European Charter of Local Self-Government
- States party to the Charter
- Signed: 15 October 1985
- Location: Strasbourg
- Effective: 1 September 1988
- Parties: 46 (all Council of Europe member states)
- Depositary: Secretary General of the Council of Europe
- Languages: English and French

Full text
- European Charter of Local Self-Government at Wikisource

= European Charter of Local Self-Government =

International agreement defining the rights and duties of municipalities and regions

The European Charter of Local Self-Government was adopted under the auspices of the Congress of the Council of Europe and was opened for signature by the Council of Europe's member states on 15 October 1985. All Council of Europe member states are parties to the Charter. New member states of the Council of Europe are expected to ratify the Charter at the earliest opportunity.

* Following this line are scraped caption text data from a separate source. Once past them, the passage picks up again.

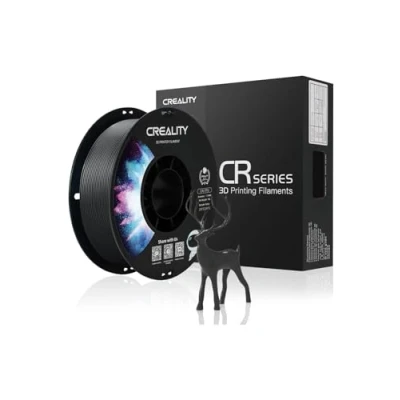 Afbeelding van Creality CR PETG 1,75 mm 3D printfilament, uitstekende taaiheid, hoge precisie, geurloos, niet giftig, vochtbestendig, 1 kg glanzend filament voor printer (zwart)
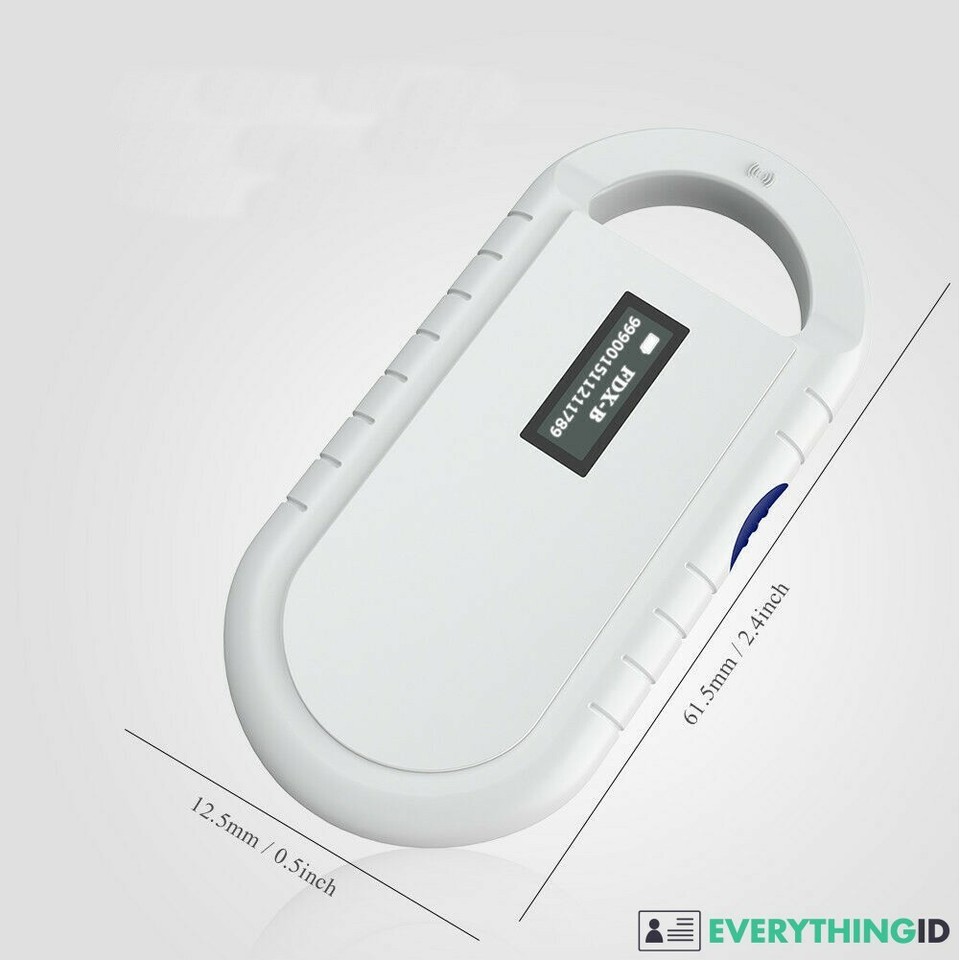 ANIMAL RFID MICROCHIP SCANNER 134.2Khz ID READER FDX-B CHIP DOG CAT ...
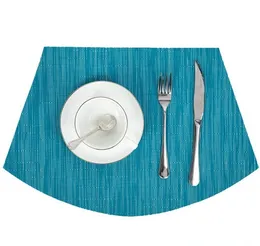 delicacy Place Mat Round Placemats Kitchen Table Placemat Heat Insulation Stain-resistant Washable PVC Table Mats Wholesale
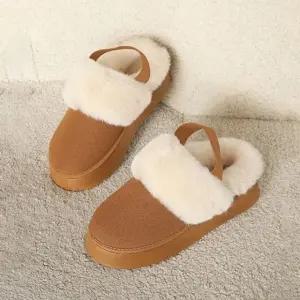 여성신발 슬리퍼 뒷밴딩 여자 퍼 슬리퍼 (WFJX0LJ)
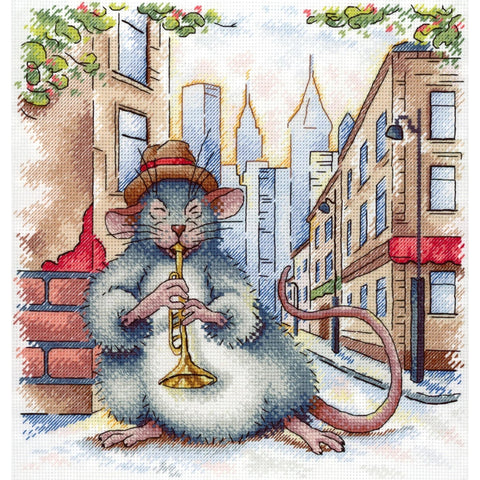 Cross Stitch Kit Street Jazz SNV-698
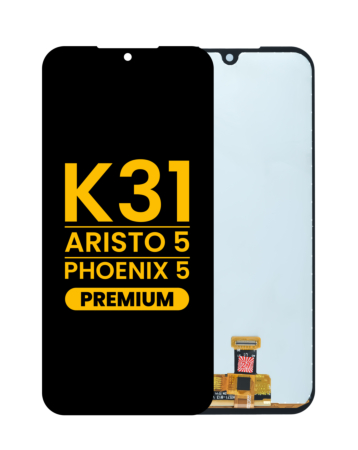 LCD Assembly without Frame for LG K31 (2020) / Aristo 5 / Phoenix 5 LMK300AM (US Version) (BLACK) (Premium)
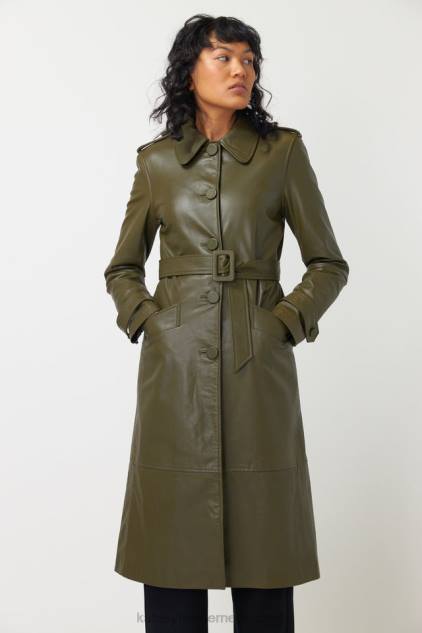 vrouwen molenaar jas Kate Sylvester kleding 8LB4O12 olijf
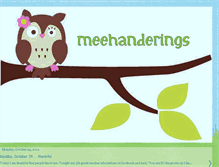 Tablet Screenshot of caitiemeehanderings.blogspot.com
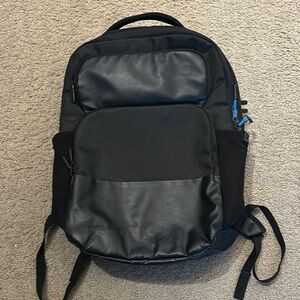 Dell Black and Blue Men's Backpack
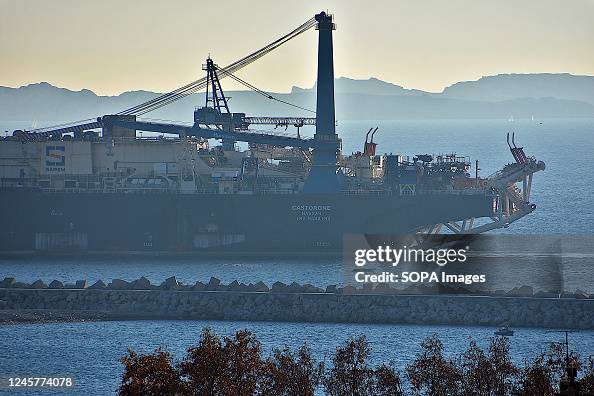 Castrone Ship The Pipe Laying Vessel Castorone arrives at the French Mediterranean ...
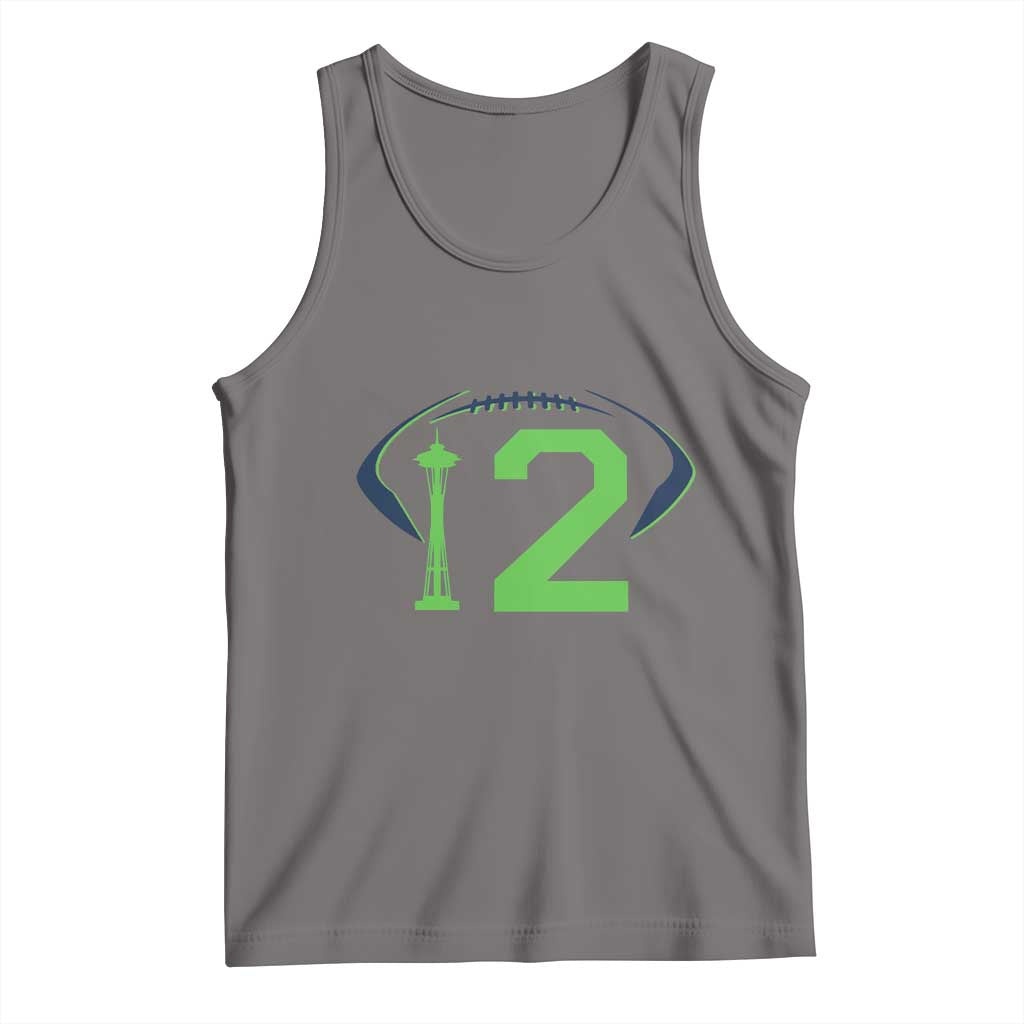 Space Needle Emerald City Number 12 Tank Top Sports Fan Pride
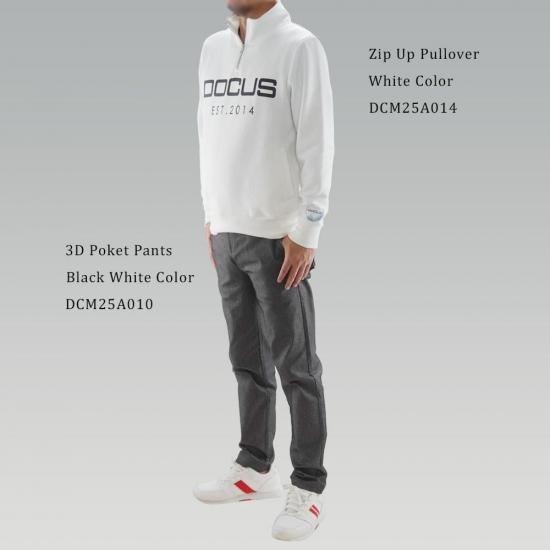 DOCUS（ドゥーカス） ゴルフウェア ジップアップスウェット 長袖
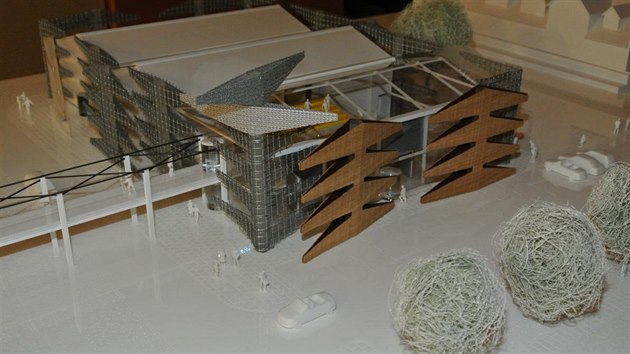 Podobu centra s názvem Trezor přírody navrhl architekt Michael Klang ze zlínské univerzity.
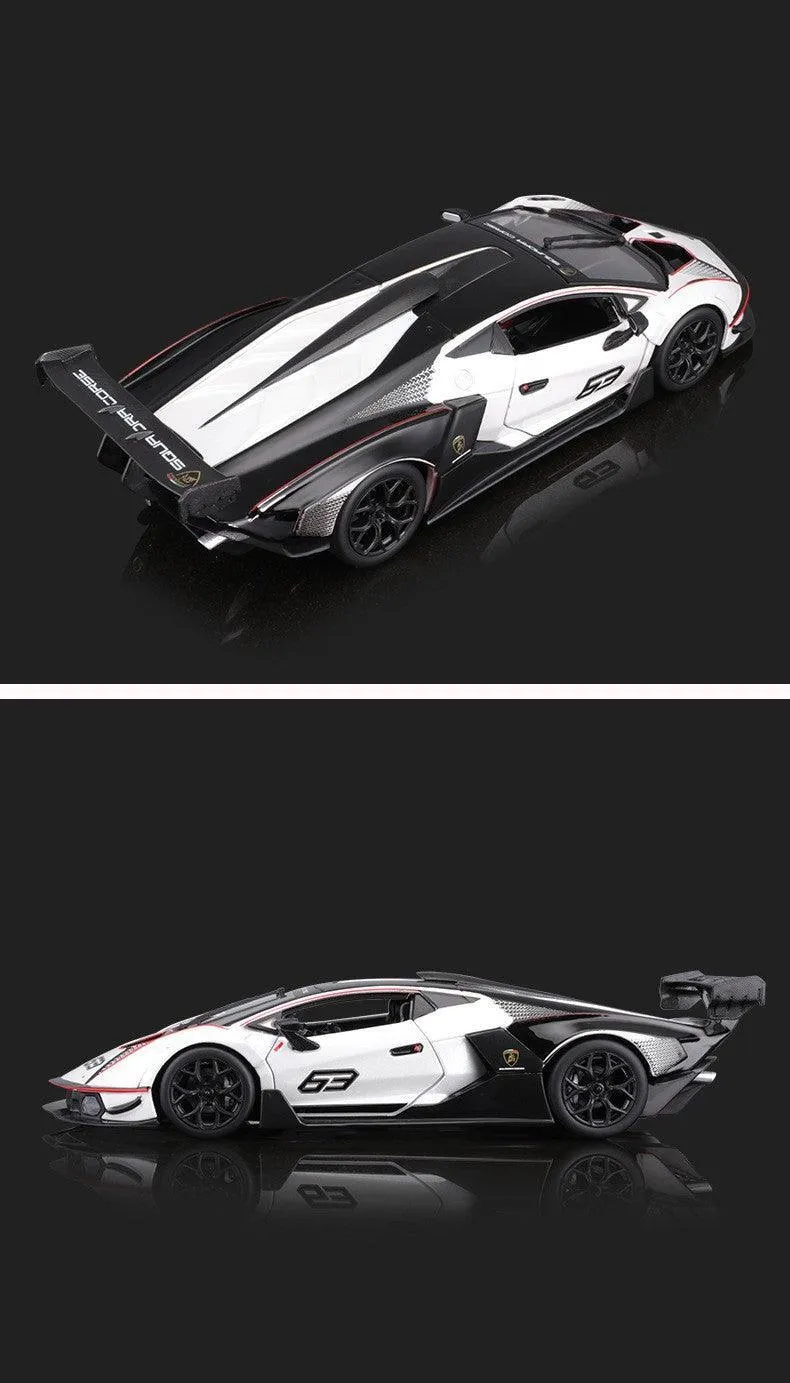 1:24 Lamborghini Essenza SCV12 Alloy Model Car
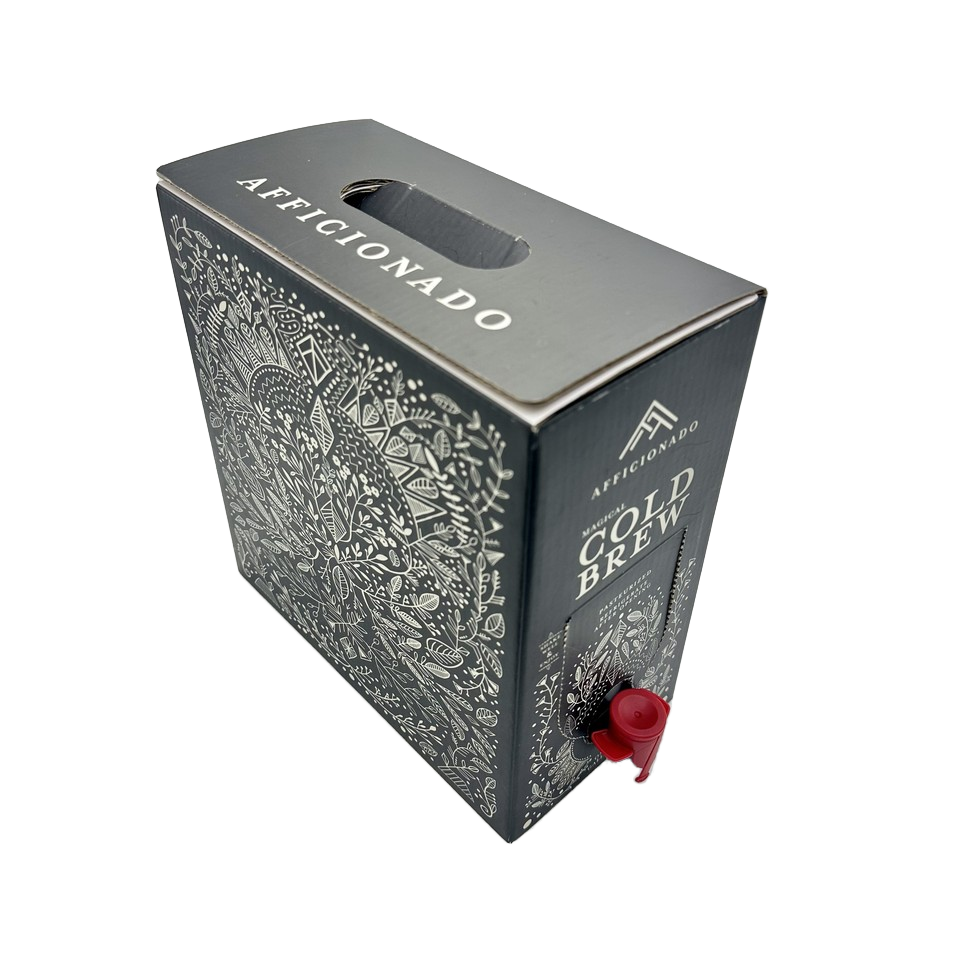 1L/3L/5L bag in box to go beverage disposable coffee box milk wine aluminium foil bag in box dispenser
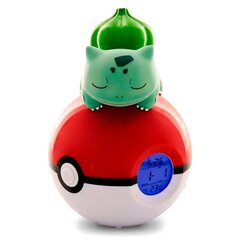 Pokemon lambiga äratuskell Bullbasaur Pokeball hind ja info | Raadiod ja äratuskellad | hansapost.ee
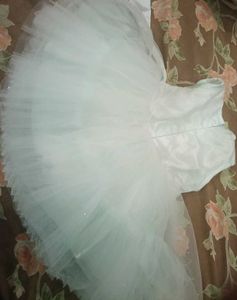 Mint Cyan Tulle Dress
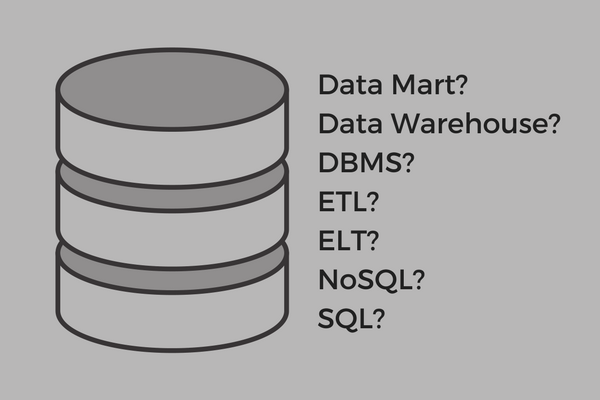 data mart and other data base terms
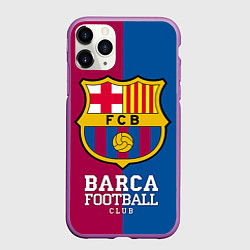 Чехол iPhone 11 Pro матовый Barca Football, цвет: 3D-фиолетовый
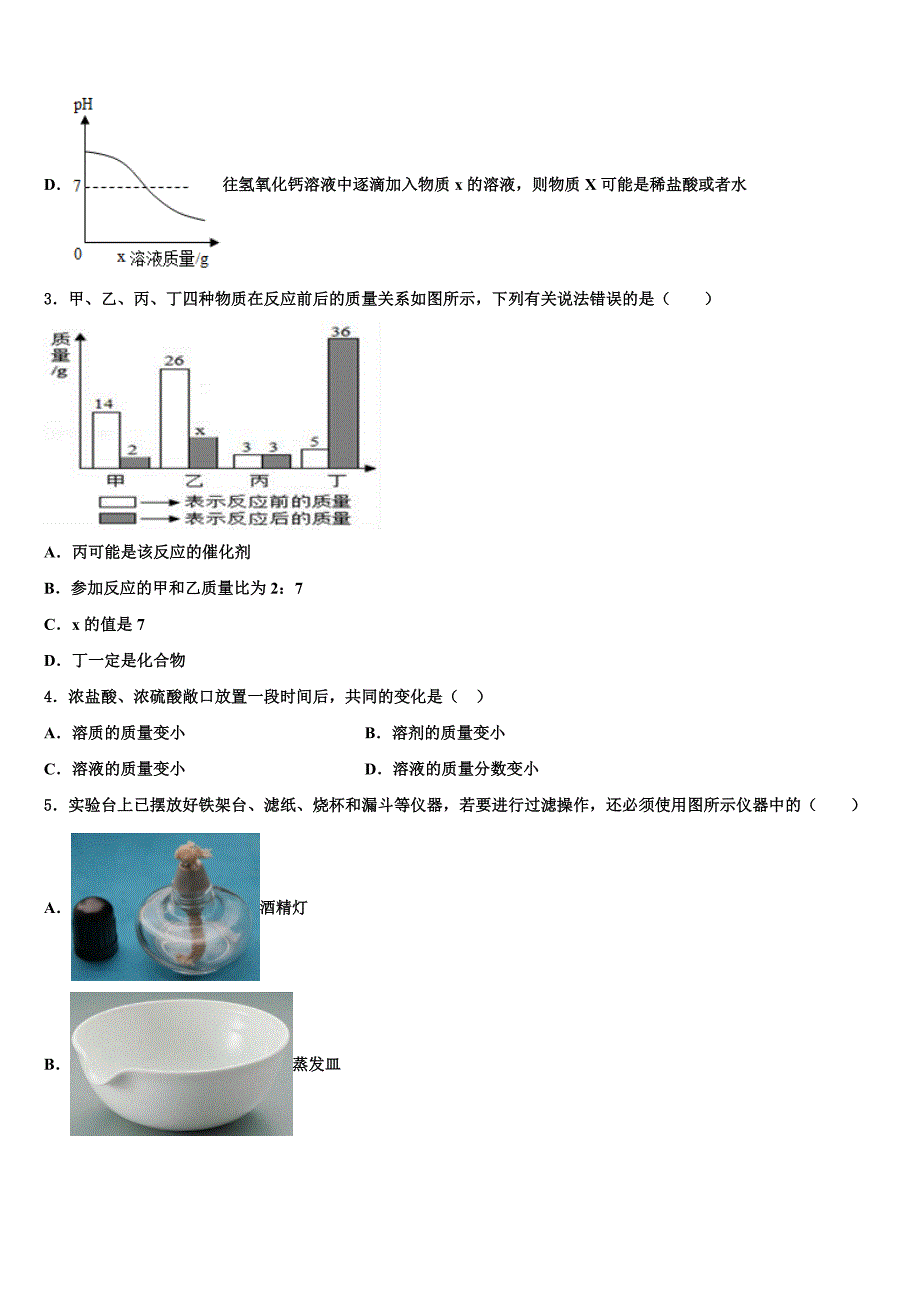 2023届安徽省阜阳市城南中学中考化学模拟精编试卷含解析_第2页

The Charter commits the ratifying member states to guaranteeing the political, administrative and financial independence of local authorities. It provides that the principle of local self-government shall be recognised in domestic legislation and, where practicable, in the constitution. Local authorities are to be elected by universal suffrage, and it is the earliest legal instrument to set out the principle of subsidiarity.

== The Charter ==
Local authorities, acting within the limits of the law, are to be able to regulate and manage a substantial share of public affairs under their own responsibility in the interests of the local population. The Charter considers that public responsibilities should be exercised preferably by the authorities closest to the citizens, a higher level being considered only when the co-ordination or discharge of duties is impossible or less efficient at the level immediately below. To this end, the Charter sets out the principles concerning the protection of local authorities' boundaries, the existence of adequate administrative structures and resources for the carrying out of their tasks, the conditions under which responsibilities are to be exercised, the financial resources of local authorities and the legal protection of local self-government. It limits the administrative supervision of local authorities' activities to the verification of lawfulness only.

The principles of local self-government contained in the Charter apply to all categories of local authorities. Ratifying states undertake to consider themselves bound by at least twenty paragraphs of Part I of the Charter, including at least ten from among the following:

- Article 2,
- Article 3, paragraphs 1 and 2,
- Article 4, paragraphs 1, 2 and 4,
- Article 5,
- Article 7, paragraph 1,
- Article 8, paragraph 2,
- Article 9, paragraphs 1, 2 and 3,
- Article 10, paragraph 1,
- Article 11.

In 2009, a protocol to the Charter (on the right to participate in the affairs of a local authority) was adopted. It entered into force on 1 June 2012.

The Congress of Local and Regional Authorities has developed a database named "Carta-Monitor". This database provides access to the analysis, article by article, carried out during the Congress's monitoring missions in the 46 Member States. It also allows for comparative analysis on several articles and countries, as well as statistical research on ratifications of articles and compliance with their implementation.

Every report on the application of the Charter in member states or the local elections that the Congress has observed can be consulted on the Congress' web site.

==Group of Independent Experts on the European Charter==
The Council of Europe has constituted a consultative body called the Group of Independent Experts on the European Charter, consisting of senior academics. The Group meets twice a year to consider a range of matters related to the European Charter of Local Self-Government, and it also provides legal advice and support to the elected members of the Congress of the Council of Europe who undertake a program of missions to monitor the situation of local and regional democracy in member states of the Council.

The Group is currently considering, through a working group, the question of the possible revision of the Charter, in liaison with the Secretariat and the Rapporteur of the Congress.

== Monitoring the Charter ==

=== Role of the Congress ===
Monitoring local and regional democracy is the most symbolic activity of the Congress of Local and Regional Authorities of the Council of Europe. As the voice of cities and regions, the Congress is a unique assembly in Europe, tasked by the Committee of Ministers with ensuring the proper implementation of the European Charter of Local Self-Government. This international convention sets standards to protect the rights of local authorities and commits the member states of the Council of Europe – all of which have ratified it – to respect a number of principles.